Thank you, Madam Chair.
Members of the committee, thank you for the opportunity to speak to you today about this important bill.
The Canadian Association of Broadcasters, or CAB, is the national voice of Canada's private broadcasters, representing more than 800 members around the country, including the vast majority of private radio and television stations and specialty services.
The Broadcasting Act is fundamental to the way that broadcasters are regulated in Canada, and as you've certainly heard, it's well out of date.
I know you’ve heard from many parties on this bill and its predecessors, and you know the essentials: That technological change has vastly transformed the way that Canadians receive and consume audio and visual content, and Canadian broadcasting policy has failed to keep pace with this change.
Unregulated foreign players have had a decade to enter the Canadian marketplace without any hindrance or oversight, and Canadian broadcasters compete directly with them for subscribers, the rights to content, advertisers and audiences. Moreover, Canadian broadcasters must pay hundreds of millions of dollars in part II fees annually, which do nothing to sustain or develop the Canadian broadcasting system, while foreign players pay none.
Canadian broadcasters deal with a substantial regulatory burden. Simply put, Canadian broadcasters play by the old rules and unregulated foreign platforms play by their own rules.

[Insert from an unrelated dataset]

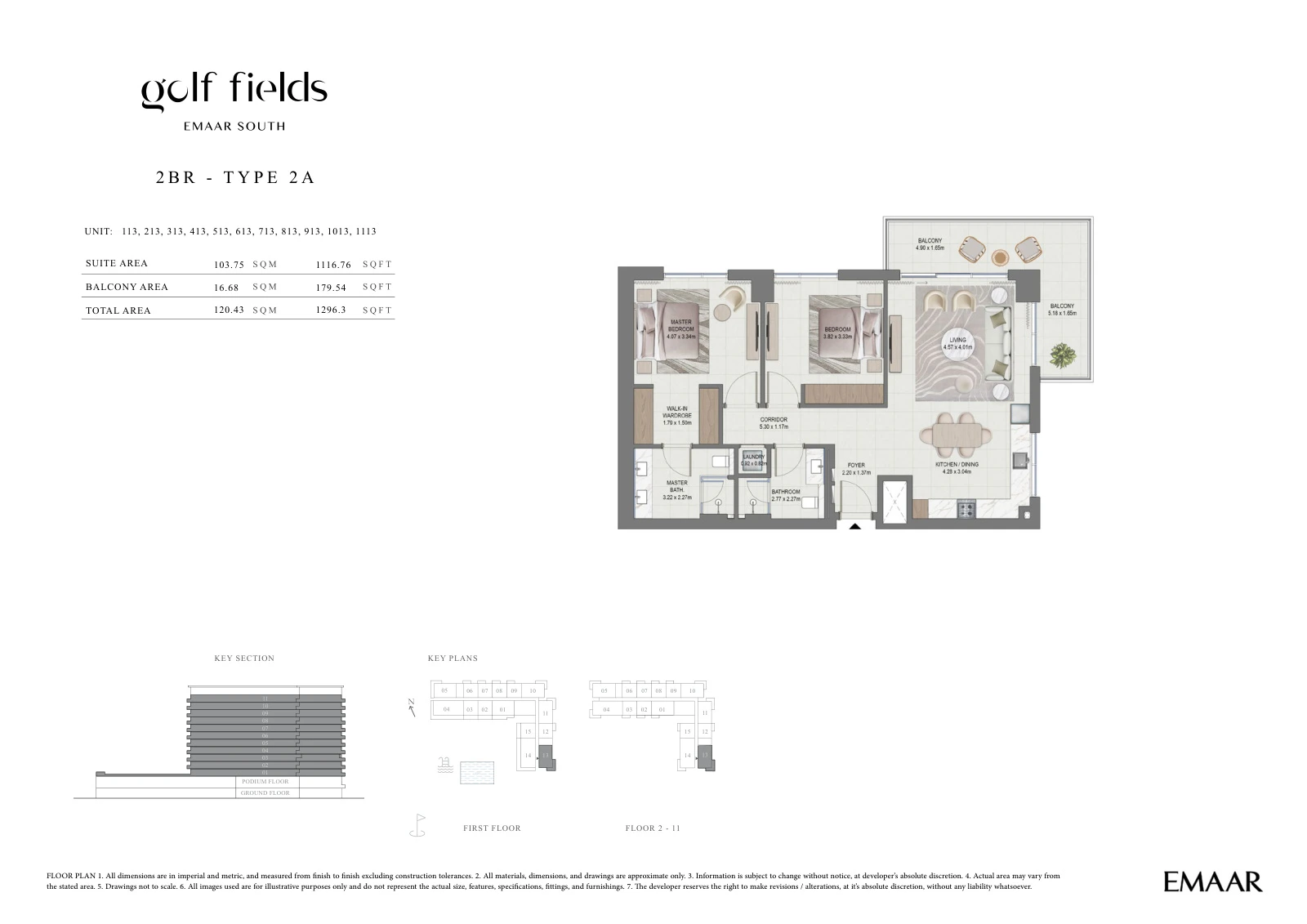 Floor plan for 2 BR – Type 2A
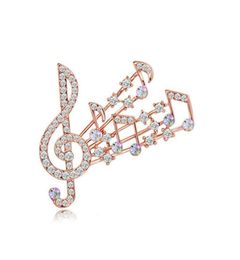 Fashion Exquisite Music Notation Brooch For Women Scarf Pins Shiny Crystal Rhinestone Brooches Wedding Bride Bouquet Corsage Jewel2912080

This is why this legislation is so important. Canadian broadcasting companies must plan several years ahead to determine how to invest in Canadian content and talent. Faced with long production cycles and increasing costs, modern media businesses cannot afford to make split-second decisions. That is why Canadian broadcasters are desperate for regulatory clarity and certainty. They need to know the rules they and their foreign competitors will be operating under to plan their businesses, and they need to know that the rules will be fair and equitable.
This is why we welcome the introduction of Bill C-11.
Bill C-11 was introduced to level the playing field. It acknowledges the presence of foreign digital platforms and would require them to contribute to Canada’s broadcasting policy objectives. For Canadian broadcasters who are asked to carry the entire burden of supporting the audiovisual creative sectors, it’s well past time for a system that is fair, equitable and flexible.
Canadian broadcasters are willing to compete, but they cannot do so in a system that allows increasingly dominant players to take as much as they want and only give back as much as they like.
We have often heard that this legislation was introduced to ensure we continue to tell Canadian stories, and for most Canadians, the most important stories they see and hear every day come from our newsrooms. Maintaining vital, independent and professional newsrooms in communities across the country is a fundamental commitment of Canada’s broadcasters. However, to be clear, this is a commitment that has seen them lose tens of millions of dollars over the past decade. It is unsustainable without urgent policy reforms.
In an era of misinformation, it is critical that we continue to support newsrooms that reflect Canadian communities. We know that digital streamers don’t have the interest or the wherewithal to do this.
It has always been the case that the entertainment programming that draws the largest audiences in Canada helps to sustain the news and information programming. Allowing foreign streamers to continue to skim all of the financial benefit from access to the Canadian market without giving anything back will ultimately reduce the number of Canadian voices being heard—fewer Canadian artists, and critically, fewer Canadian journalists.
While we fully support the passage of Bill C-11, we have three very focused amendments that we feel are essential to ensuring the bill does not entrench an inequitable, two-tiered system between regulated broadcasters and currently unregulated streaming platforms.
This includes amendments to clause 3, where we have asked for foreign streamers to contribute to a production fund where their spending can be monitored; to clause 5, where we are seeking to ensure that there is not a two-tiered system of regulatory obligations, but a fair and equitable approach to Canadian entities and their larger foreign competitors; and to clause 11, to resolve the inequity of part II fees.
It is vital that we get this legislation right. It is vital that we pass it, so we can move forward as an industry and usher in a broadcasting system that reflects today’s realities.
Thank you. I look forward to any questions you may have.